When someone eulogises the bhakti of the devotees of yore, people express their inability to have the same devotion to God in the present day. Their excuse is that most of such people either lived in another yuga or several hundred years ago. Absolute devotion was possible then, but is difficult now, they say.

But Saint Tyagaraja, who composed many songs in praise of Lord Rama, reached God's feet only in the 19th century, bringing him closer to our times than other bhaktas whose devotion is extolled, Embar Kasturi said in a discourse on Tyagaraja's bhakti.

Tyagaraja saw himself as a dasa of Lord Rama. Tyagaraja's father used to recite the Ramayana to the king. Tyagaraja used to listen as his father recited; with his phenomenal memory, he imbibed the story of Rama and the values the Ramayana seeks to impart. Tyagaraja was drawn to the good qualities of Rama, which are like an unfathomable ocean.

In his lifetime, Tyagaraja is said to have repeated the name of Rama 96 crore times. When he finished reciting the Lord's name one crore times, Lord Rama appeared before him.

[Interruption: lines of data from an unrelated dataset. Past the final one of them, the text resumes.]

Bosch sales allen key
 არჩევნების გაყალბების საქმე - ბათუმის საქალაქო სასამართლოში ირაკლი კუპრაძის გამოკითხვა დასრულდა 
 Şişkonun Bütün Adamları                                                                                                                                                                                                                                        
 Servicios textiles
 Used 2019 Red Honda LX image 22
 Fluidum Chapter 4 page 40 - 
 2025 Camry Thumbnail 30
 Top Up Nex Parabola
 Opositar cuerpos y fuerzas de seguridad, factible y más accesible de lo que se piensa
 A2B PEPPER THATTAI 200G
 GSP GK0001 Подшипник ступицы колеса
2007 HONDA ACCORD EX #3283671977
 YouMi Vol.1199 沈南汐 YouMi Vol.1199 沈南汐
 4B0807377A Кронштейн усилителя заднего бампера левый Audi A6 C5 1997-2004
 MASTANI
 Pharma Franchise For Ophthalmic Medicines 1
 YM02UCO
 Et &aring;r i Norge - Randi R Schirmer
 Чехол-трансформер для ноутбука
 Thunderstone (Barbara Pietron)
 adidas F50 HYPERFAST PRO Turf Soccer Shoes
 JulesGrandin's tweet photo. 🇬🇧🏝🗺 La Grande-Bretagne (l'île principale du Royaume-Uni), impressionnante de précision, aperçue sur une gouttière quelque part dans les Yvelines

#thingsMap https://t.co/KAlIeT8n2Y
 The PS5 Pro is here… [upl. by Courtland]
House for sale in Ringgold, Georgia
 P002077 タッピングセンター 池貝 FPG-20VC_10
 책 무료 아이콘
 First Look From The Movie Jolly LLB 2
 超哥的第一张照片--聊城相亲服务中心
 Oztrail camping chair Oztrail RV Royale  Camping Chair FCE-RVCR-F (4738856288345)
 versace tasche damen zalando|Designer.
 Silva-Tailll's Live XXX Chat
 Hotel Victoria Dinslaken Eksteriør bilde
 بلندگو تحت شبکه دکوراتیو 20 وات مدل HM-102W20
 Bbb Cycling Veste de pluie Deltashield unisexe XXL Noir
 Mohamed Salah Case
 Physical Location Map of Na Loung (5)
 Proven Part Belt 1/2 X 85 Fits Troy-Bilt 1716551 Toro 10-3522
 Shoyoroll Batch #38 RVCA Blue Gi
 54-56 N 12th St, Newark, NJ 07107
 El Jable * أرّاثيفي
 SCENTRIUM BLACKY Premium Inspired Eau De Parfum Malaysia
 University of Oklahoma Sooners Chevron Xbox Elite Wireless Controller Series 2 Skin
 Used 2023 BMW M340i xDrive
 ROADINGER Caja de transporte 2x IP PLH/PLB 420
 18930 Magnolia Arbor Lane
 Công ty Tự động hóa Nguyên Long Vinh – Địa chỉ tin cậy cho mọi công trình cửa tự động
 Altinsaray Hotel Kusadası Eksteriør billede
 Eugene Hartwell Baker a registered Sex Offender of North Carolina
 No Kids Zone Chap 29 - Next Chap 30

Through his many musical compositions, Tyagaraja expressed his Rama bhakti. The songs he composed are intended for everyone who seeks salvation. A true bhakta is never content with showing his bhakti to God; he wants the bliss of realisation to be experienced by others too. Like all those who realised God, Tyagaraja sought nothing from Rama, but Rama Himself. The Lord is inside every one of us as Antaryami. He is all pervasive, but cannot be understood through our senses. Yet if we have bhakti towards Him, He liberates us from the cycle of births and deaths. When He can give us such liberation, why should we seek anything else from Him? Tyagaraja shunned material wealth and, instead, saw Rama as His wealth.

Even a highly educated man, an expert in one subject, cannot claim to be an expert in all subjects.

But if we have spiritual gnana, we may be said to know everything else. Spiritual gnana helps us realise the Supreme One, and this is the gnana that Tyagaraja had.